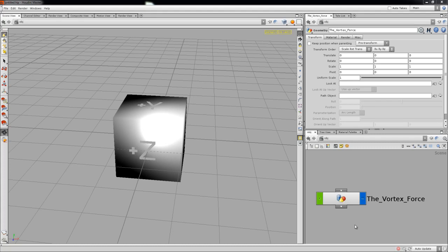The vortex force, as it was named by Bradley Gabe in the Houdini — sorry, Softimage XSI ICE video on Vimeo — we're gonna do the whole thing in Houdini. Let's get started.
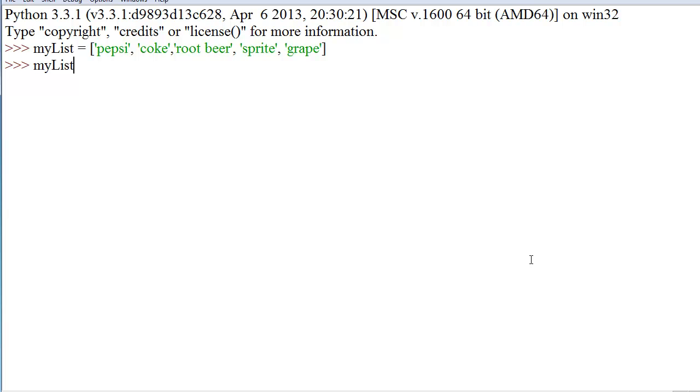but basically, computers start counting at zero. There are ordinal and cardinal numbers, and cardinal numbers, you start at one. That's how most people count. Ordinal numbers are the order, and in computers, they start at zero. They use ordinal numbers. So, my list, left bracket, zero,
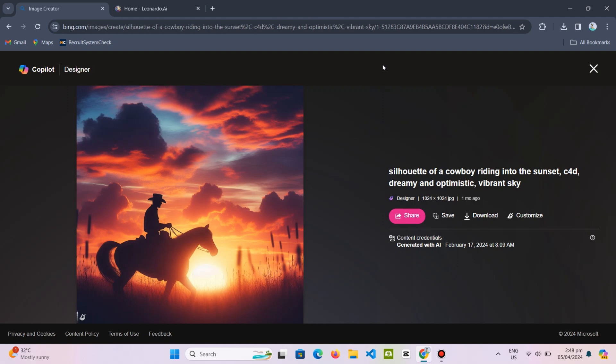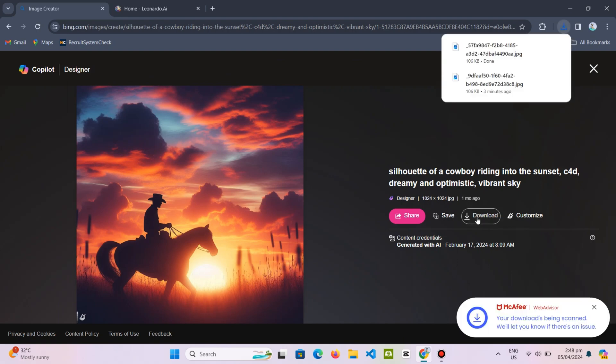To start, here I have already created an AI image. All I need is to click and download it onto my device.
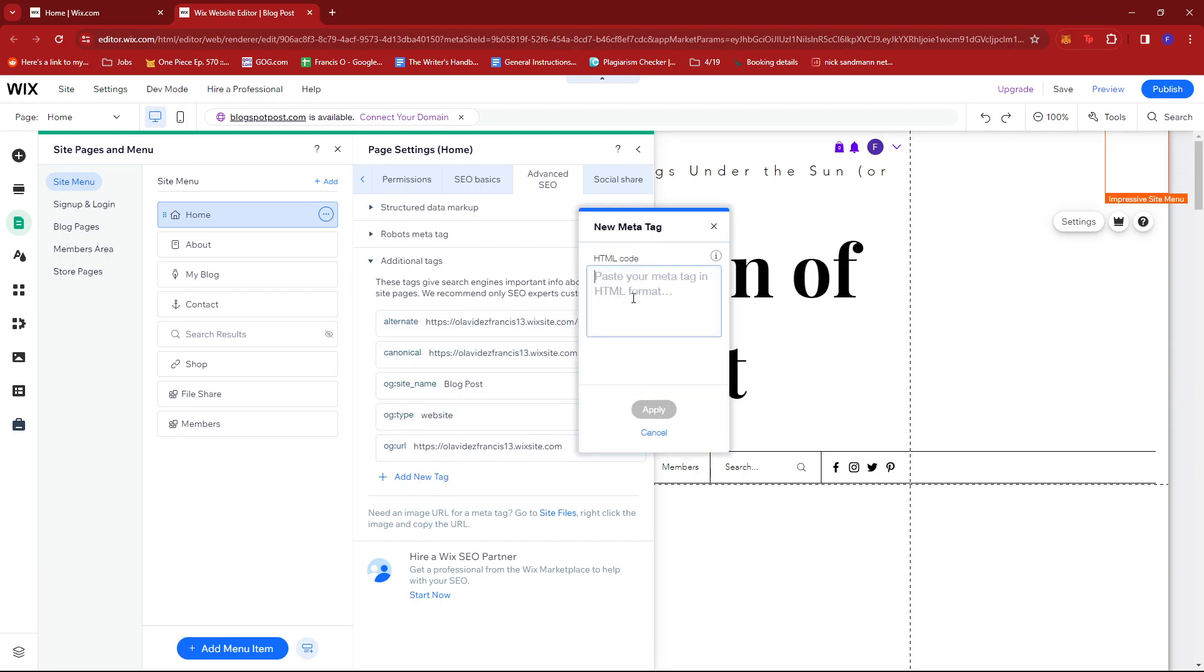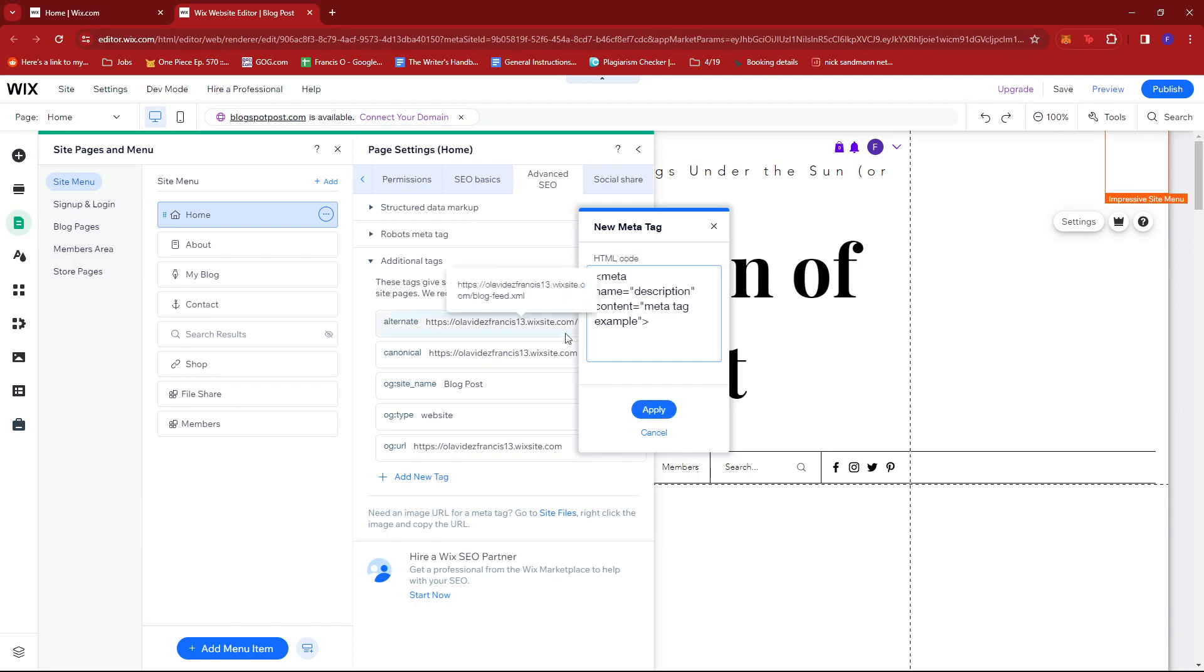And then, you're just going to paste the HTML code for your new metatag. Once that's done, just click Apply, and your new metatag should be added on the current list.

▬▬▬▬▬▬▬▬▬▬

Copy the data in full. No pictures belong in the copy.

Result of the task:
The vortex force, as it was named by Bradley Gabe in the Houdini — sorry, Softimage XSI ICE video on Vimeo — we're gonna do the whole thing in Houdini. Let's get started.
but basically, computers start counting at zero. There are ordinal and cardinal numbers, and cardinal numbers, you start at one. That's how most people count. Ordinal numbers are the order, and in computers, they start at zero. They use ordinal numbers. So, my list, left bracket, zero,
To start, here I have already created an AI image. All I need is to click and download it onto my device.
And then, you're just going to paste the HTML code for your new metatag. Once that's done, just click Apply, and your new metatag should be added on the current list.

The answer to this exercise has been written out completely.